Eigentliche Gewinnerin der Affäre sind die Zuger Kultureinrichtungen und die Zuger Kulturschaffenden. Denn die Politik lässt Iris Weder, die neue Abteilungsleiterin für Kultur, arbeiten. Sie ist dabei, in Workshops eine neue Kulturstrategie zu erarbeiten und erhält dabei von vielen Seiten Zuspruch.

Verwunderung

Das Schlusswort in der Angelegenheit gebührt der CVP. Anders als FDP, SVP und GLP, die in den vergangenen Monat wegen dem Thema ordentlich miteinander gebalgt hatten – und anders auch als SP und ALG/CSP, die sich als möglichst kulturfreundlich darstellen –, war die Mittepartei unabhängige Beobachterin, gewissermassen ein Zaungast.

«Der Zwischenbericht des Stadtrats ist für uns nicht zufriedensstellend», sagte CVP-Fraktionschef Christoph Iten.
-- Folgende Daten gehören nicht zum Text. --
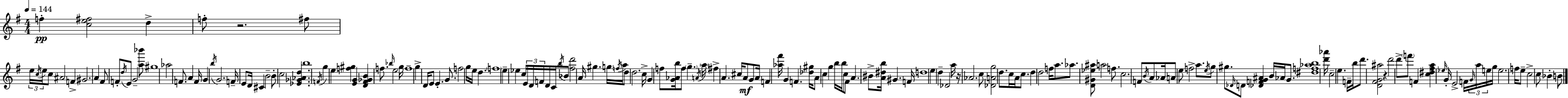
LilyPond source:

{
  \clef treble
  \numericTimeSignature
  \time 4/4
  \key e \minor
  \tempo 4 = 144
  f''4-.\pp <c'' e'' fis''>2 d''4-> | f''8-. r2. fis''8 | \tuplet 3/2 { e''16 \acciaccatura { c''16 } e''16 } c''8 ais'2 f'4-> | gis'2. a'4 | \break fis'8 f'8-. \acciaccatura { d''16 } e'8 g'2-- | <a'' bes'''>8 gis''1 | aes''2 f'8. a'4 | f'16 g'4 \acciaccatura { b''16 } g'2. | \break f'16-- e'8 d'16 cis'4 b'2-- | b'8-. c''2 <ees' ges' aes' d''>4. | b''1 | \acciaccatura { f'16 } g''4 e''4 <f'' gis''>4 | \break <e' g'>4 <d' fis' ges' b'>4 f''8. \grace { bes''16 } e''2 | g''16 f''1-- | g''4-> d'16 e'8 e'4.-. | g'8. f''2 g''16 e''16 d''4. | \break \parenthesize f''1 | e''4-- ees''4 c''16 \tuplet 3/2 { e'16 d'16 | f'16 } d'16 c'16 \acciaccatura { b''16 } bes'8 <fis'' d'''>2 a'16 gis''4. | g''16 \acciaccatura { f''16 } a''16 d''8 d''2. | \break c''16-> g'4 f''8 <g' aes' b''>16 f''8 | \parenthesize g''4.-- \acciaccatura { a'16 } \parenthesize a''16 fis''4-> a'4. | cis''16 a'8\mf g'8 a'16 f'4 <aes'' fis'''>16 g'4 | f'4. <des'' gis''>16 a'8 c''4 g''4 | \break b''16 b''16 c''8 fis'8 a'4. bis'8-> | <a' dis'' b''>16 gis'4. f'16 d''1 | e''4 d''4-- | des'2 a''16 r16 aes'2. | \break c''8 <des' a' g''>2 | d''8. c''16 a'16 c''8. d''4 d''2 | f''16 a''8. aes''8. <d' gis' ees'' ais''>8 a''2 | f''8. c''2. | \break f'8 \acciaccatura { b'16 } a'8 aes'16 a'8 e''8 f''2-> | a''8. \acciaccatura { e''16 } g''8 gis''8. \grace { des'16 } | d'8 <des' f' g' ais'>4 b'16 aes'16 g'8. <dis'' f'' aes'' b''>1 | <d''' aes'''>16 c''2-- | \break e''4. f'16-- b''16 d'''8. <d' fis' g' ais''>2 | r4 d'''2 | d'''8-> \parenthesize f'''8 f'4 <c'' dis'' fis'' a''>4 \grace { ees''16 } | g'16-. e'2-> f'16 \tuplet 3/2 { \grace { g'16 } a''16 e''16 } g''16 e''2. | \break f''16 e''8-- c''2-> | c''8 bes'4-. b'8 \bar "|."
} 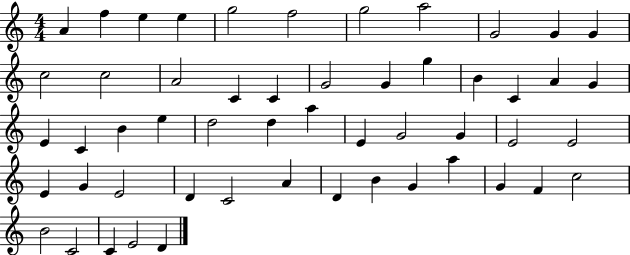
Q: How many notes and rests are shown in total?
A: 53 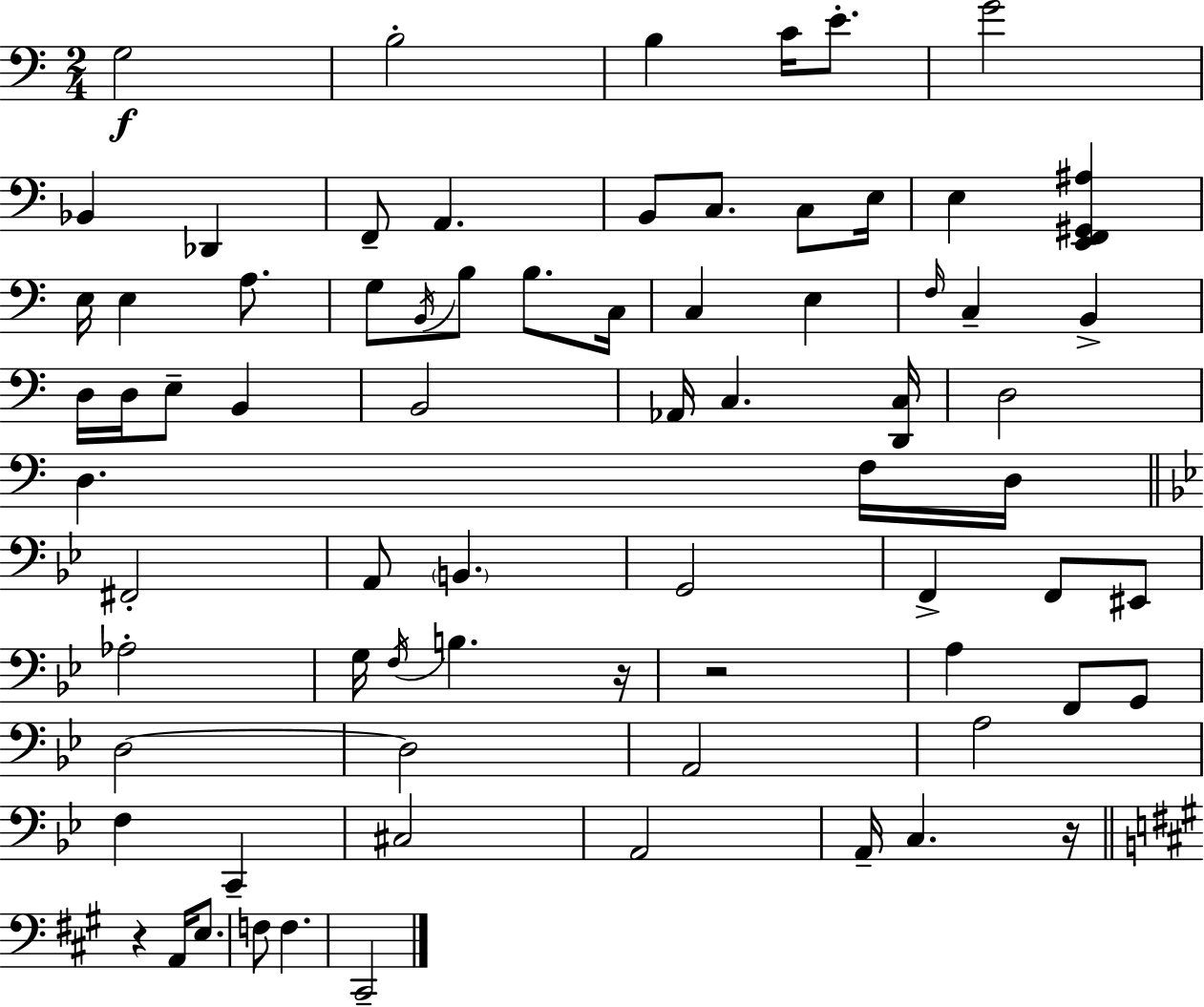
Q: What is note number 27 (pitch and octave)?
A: C3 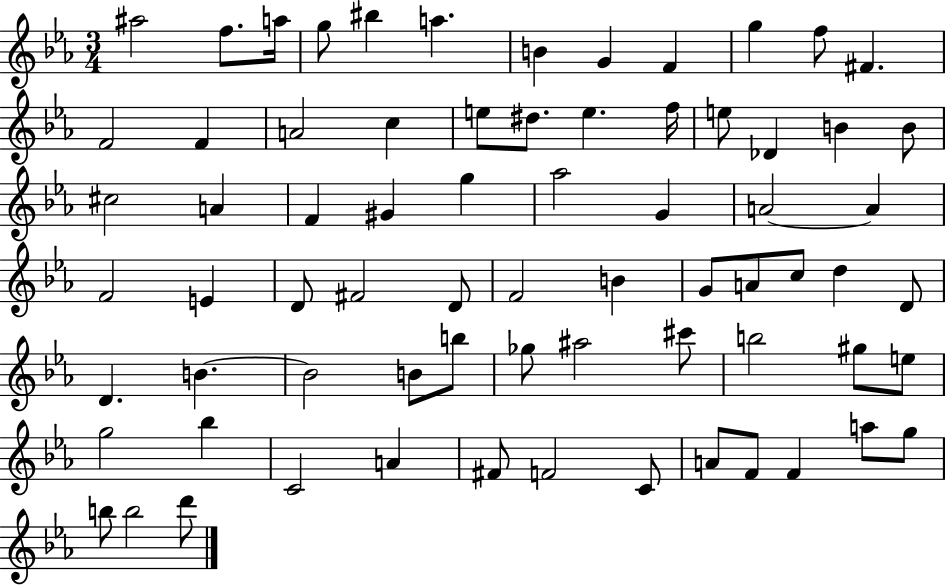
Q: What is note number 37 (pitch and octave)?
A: F#4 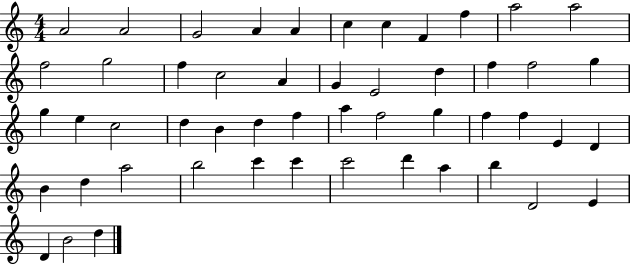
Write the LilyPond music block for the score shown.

{
  \clef treble
  \numericTimeSignature
  \time 4/4
  \key c \major
  a'2 a'2 | g'2 a'4 a'4 | c''4 c''4 f'4 f''4 | a''2 a''2 | \break f''2 g''2 | f''4 c''2 a'4 | g'4 e'2 d''4 | f''4 f''2 g''4 | \break g''4 e''4 c''2 | d''4 b'4 d''4 f''4 | a''4 f''2 g''4 | f''4 f''4 e'4 d'4 | \break b'4 d''4 a''2 | b''2 c'''4 c'''4 | c'''2 d'''4 a''4 | b''4 d'2 e'4 | \break d'4 b'2 d''4 | \bar "|."
} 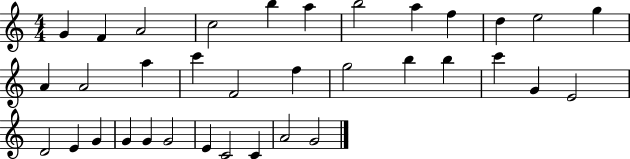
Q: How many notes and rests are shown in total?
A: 35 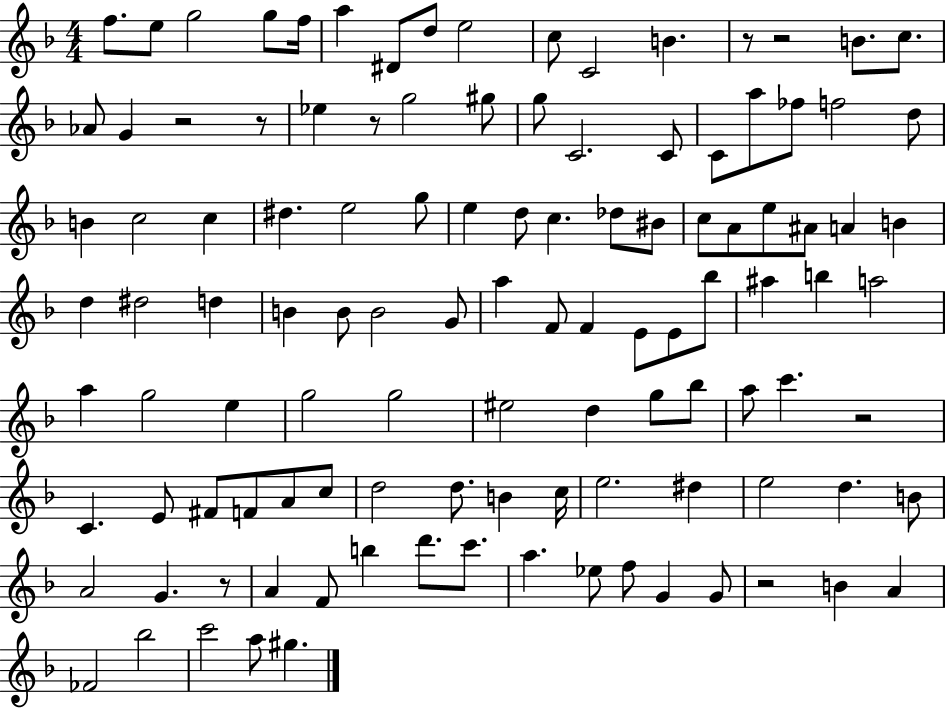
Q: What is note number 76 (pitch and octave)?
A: A4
Der Auftrag der Motion an den Stadtrat sei es doch eigentlich gewesen, ein Kulturreglement zu erarbeiten, fand er. Man habe mindestens erwartet, dass nun endlich dargelegt werde, in welche Richtung es gehe. Das verhaltene Auftreten von SVP und GLP überraschte Iten. «Ich habe den Eindruck, dass hier ein Schlungg gedreht wurde». Doch man wolle «konstruktiv bleiben» – zum Wohle der Stadt Zug und des kulturellen Lebens.